= DATA =
"""

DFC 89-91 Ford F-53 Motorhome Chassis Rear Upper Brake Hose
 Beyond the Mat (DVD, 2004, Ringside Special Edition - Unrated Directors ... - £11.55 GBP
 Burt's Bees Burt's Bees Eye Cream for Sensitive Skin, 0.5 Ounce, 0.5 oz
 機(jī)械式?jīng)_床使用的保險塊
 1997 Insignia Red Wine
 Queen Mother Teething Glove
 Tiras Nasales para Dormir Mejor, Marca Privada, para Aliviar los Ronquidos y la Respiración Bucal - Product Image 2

"""

= WHAT IS EXPECTED =
Only the lines from the one containing "機(jī)械式?jīng)_床使用的保險塊" through the last line of the material belong in your answer; output them exactly.

= ANSWER SECTION =
 機(jī)械式?jīng)_床使用的保險塊
 1997 Insignia Red Wine
 Queen Mother Teething Glove
 Tiras Nasales para Dormir Mejor, Marca Privada, para Aliviar los Ronquidos y la Respiración Bucal - Product Image 2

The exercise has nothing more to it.